Dava şartları, davanın esası hakkındaki yargılamanın devamı için gerekli olan şartlar olup, davanın açılabilmesi için değil mahkemenin davanın esasına girebilmesi için aranan kamu düzeni ile ilgili zorunlu koşullardır. Bu nitelikleri gereği de eksiklik bulunması halinde tamamlanabilir olup olmadıklarına göre ve 6100 sayılı HMK’nın 114 ile 115. maddelerindeki düzenlemeler kapsamında ele alınmaları gerekir. Davanın esasına girilmesine engel olacak nitelikteki dava şartı eksiğinin giderilmesinin her zaman mümkün olduğu durumlarda, HMK’nın 115/2. maddesi gereği eksikliğin giderilmesi için kesin süre verilip sonucuna göre karar verilmelidir.
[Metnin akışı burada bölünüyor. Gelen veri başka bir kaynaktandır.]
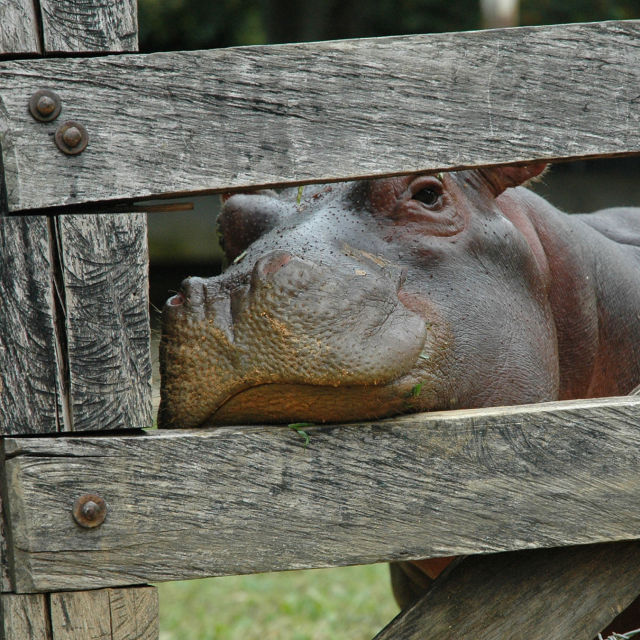 Invaders: Colombia's Hippos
2918 sayılı Karayolları Trafik Kanunu’nun 97. maddesi ile zorunlu mali sorumluk sigortasından faydalanmak isteyen hak sahiplerinin dava yoluna gitmeden önce sigortacıya yazılı başvuru yapması gerektiği düzenlenmiş olmakla birlikte, başvurunun yapıldığı; ancak, eksik ya da usule uygun olmayan belge ile başvurulduğu savunmasının olduğu durumlarda usule uygun olmadığı savunulan belgedeki eksikliğin tamamlanabileceği açıktır.
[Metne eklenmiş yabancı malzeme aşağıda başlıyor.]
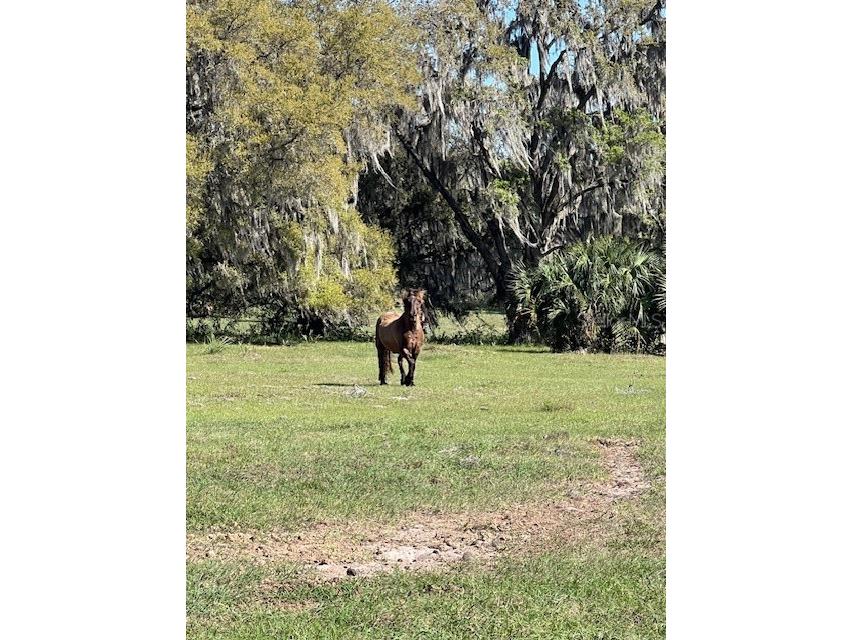 485 Dickson Avenue Osteen FL 32764 V4941307 image32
İtiraz Hakem Heyetince; davacının maluliyet oranının tespiti için Adli Tıp Kurumu veya Üniversite Hastanelerinin Adli Tıp Anabilim Dalı bölümlerinden olay tarihinde yürürlükte olan Özürlülük Ölçütü Sınıflandırması ve Özürlülere Verilecek Sağlık Kurulu Raporları Hakkında Yönetmelik hükümlerine ve yönetmelikteki hesaplama yöntemine uygun, davacıdaki travma sonrası stres bozukluğunun kalıcı olup olmadığı da değerlendirilmek suretiyle ayrıntılı, gerekçeli, içerisinde ruh sağlığı ve hastalıkları uzmanı ile ortopedi ve travmatoloji uzmanının da bulunduğu heyetten denetime elverişli maluliyet raporu alınarak (usuli kazanılmış haklar gözetilmek suretiyle) sonucuna göre karar verilmesi gerekirken yazılı şekilde hüküm tesis edilmiş olması doğru değildir. Kararın bu nedenle bozulması gerekir.
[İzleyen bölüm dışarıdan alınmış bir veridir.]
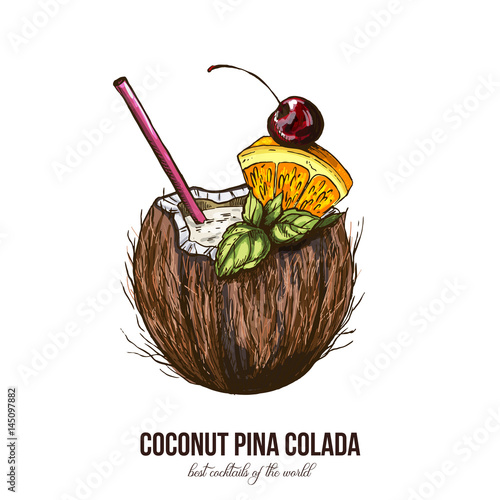 Coconut Pina Colada, vector illustration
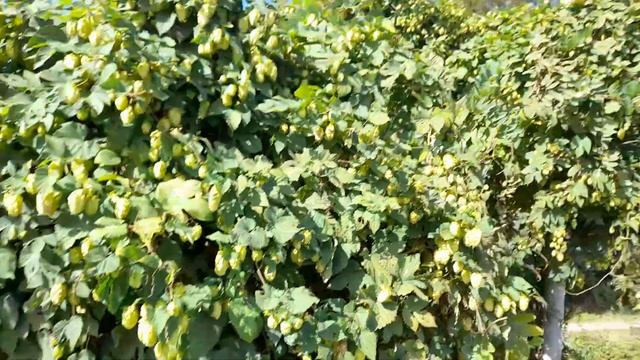 Время собирать Хмель на закваску и напитки. смотреть онлайн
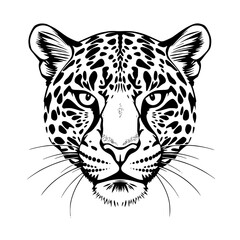 Leopard Head Vector Illustration, Black and White, Front View
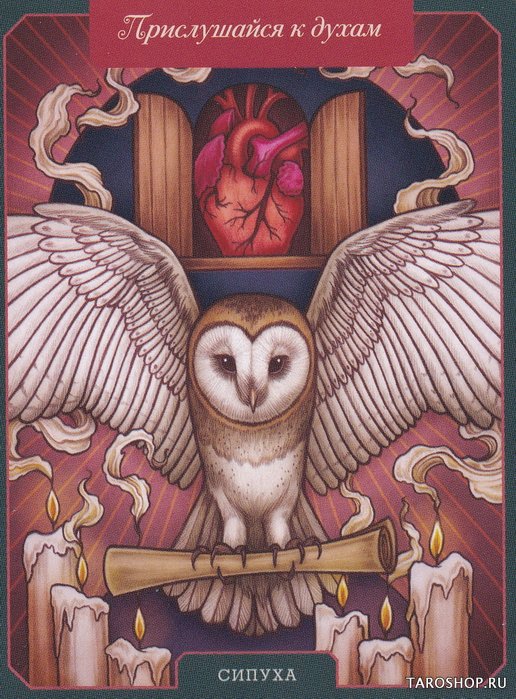 Магический бестиарий. Вдохновляющие послания и ритуалы от 36 волшебных животных (книга-оракул и 36 карт)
SONUÇ: Yukarıda açıklanan nedenlerle davacı vekilinin temyiz itirazlarının kabulü ile temyiz itirazlarının kabulü ile İtiraz Hakem Heyeti kararının BOZULMASINA duruşmada vekille temsil olunmayan davacı yararına vekalet ücreti takdirine yer olmadığına, peşin alınan harcın istek halinde temyiz eden davacıya geri verilmesine 21/09/2022 tarihinde oybirliğiyle karar verildi.